Walaupun Syaikh Abdullah Mubarok telah menjadi pimpinan dan mengasuh sebuah pengajian pada tahun 1890 di Tundagan, Tasikmalaya, ia masih terus belajar dan mendalami ilmu Tarekat Qodiriyah wa Naqsyabandiyah kepada Mama Guru Agung Syaikh Tolhah bin Talabudin di daerah Trusmi dan Kalisapu Cirebon.[butuh rujukan] Setelah sekian lamanya pulang-pergi antara Tasikmalaya - Cirebon untuk memperdalam ilmu tarekat, akhirnya ia memperoleh kepercayaan dan diangkat menjadi Wakil Talqin. Sekitar tahun 1908 dalam usia 72 tahun, ia diangkat secara resmi (khirqoh) sebagai guru dan pemimpin pengamalan Tarekat Qodiriyah wa Naqsyabandiyah oleh Syaikh Tolhah. Ia juga memperoleh bimbingan ilmu tarekat dan (bertabaruk) kepada Syaikh Kholil, Bangkalan Madura, dan bahkan memperoleh ijazah khusus Shalawat Bani Hasyim.
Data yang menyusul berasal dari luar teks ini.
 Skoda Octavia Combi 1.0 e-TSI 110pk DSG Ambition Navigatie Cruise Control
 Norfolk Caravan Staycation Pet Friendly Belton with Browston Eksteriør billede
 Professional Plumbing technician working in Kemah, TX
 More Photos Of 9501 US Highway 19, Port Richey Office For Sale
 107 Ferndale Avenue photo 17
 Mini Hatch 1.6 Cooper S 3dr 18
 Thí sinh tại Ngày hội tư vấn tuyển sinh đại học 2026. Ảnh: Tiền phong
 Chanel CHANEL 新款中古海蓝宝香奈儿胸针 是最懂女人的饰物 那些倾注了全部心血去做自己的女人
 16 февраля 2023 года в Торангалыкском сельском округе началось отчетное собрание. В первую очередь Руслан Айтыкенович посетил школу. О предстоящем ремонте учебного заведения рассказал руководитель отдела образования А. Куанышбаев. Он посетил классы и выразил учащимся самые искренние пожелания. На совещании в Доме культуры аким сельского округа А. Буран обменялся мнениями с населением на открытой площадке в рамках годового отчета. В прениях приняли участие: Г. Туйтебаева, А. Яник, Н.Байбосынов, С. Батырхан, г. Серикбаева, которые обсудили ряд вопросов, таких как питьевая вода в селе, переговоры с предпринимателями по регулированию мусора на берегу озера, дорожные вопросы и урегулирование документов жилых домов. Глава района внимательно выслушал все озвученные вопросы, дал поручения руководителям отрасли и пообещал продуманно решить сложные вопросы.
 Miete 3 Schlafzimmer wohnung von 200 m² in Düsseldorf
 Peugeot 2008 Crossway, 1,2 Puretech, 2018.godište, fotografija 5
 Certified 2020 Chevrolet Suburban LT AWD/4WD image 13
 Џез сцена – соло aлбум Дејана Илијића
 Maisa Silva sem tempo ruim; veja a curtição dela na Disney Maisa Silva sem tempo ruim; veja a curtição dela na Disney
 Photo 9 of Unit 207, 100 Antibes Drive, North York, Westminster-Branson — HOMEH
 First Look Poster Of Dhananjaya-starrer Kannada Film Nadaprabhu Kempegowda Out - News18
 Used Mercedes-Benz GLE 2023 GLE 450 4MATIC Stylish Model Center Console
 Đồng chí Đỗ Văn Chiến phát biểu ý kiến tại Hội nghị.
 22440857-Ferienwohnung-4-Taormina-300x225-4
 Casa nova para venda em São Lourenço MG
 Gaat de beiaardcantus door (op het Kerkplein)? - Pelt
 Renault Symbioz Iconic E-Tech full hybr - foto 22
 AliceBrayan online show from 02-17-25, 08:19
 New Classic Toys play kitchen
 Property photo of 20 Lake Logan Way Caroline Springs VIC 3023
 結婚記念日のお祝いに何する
Karena situasi dan kondisi di daerah Tundagan kurang menguntungkan dalam penyebaran Tarekat Qodiriyah wa Naqsyabandiyah, ia beserta keluarga pindah ke Rancameong Gedebage dan tinggal di rumah Haji Tirta untuk sementara. Selanjutnya ia pindah ke Kampung Cisero (sekarang Cisirna) jarak 2,5 km dari Dusun Godebag dan tinggal di rumah ayahnya. Pada tahun 1904 dari Cisero Abah Sepuh beserta keluarganya pindah ke Dusun Godebag.
Syaikh Abdullah Mubarok bin Nur Muhammad kemudian dan bermukim dan memimpin Pondok Pesantren Suryalaya sampai akhir hayatnya. Ia memperoleh gelar Syaikh Mursyid. Dalam perjalanan sejarahnya, pada tahun 1950, Abah Sepuh hijrah dan bermukim di Gg Jaksa No 13 Bandung. Sekembalinya dari Bandung, ia bermukim di rumah Haji Sobari Jl. Cihideung No. 39 Tasikmalaya dari tahun 1950-1956 sampai ia wafat.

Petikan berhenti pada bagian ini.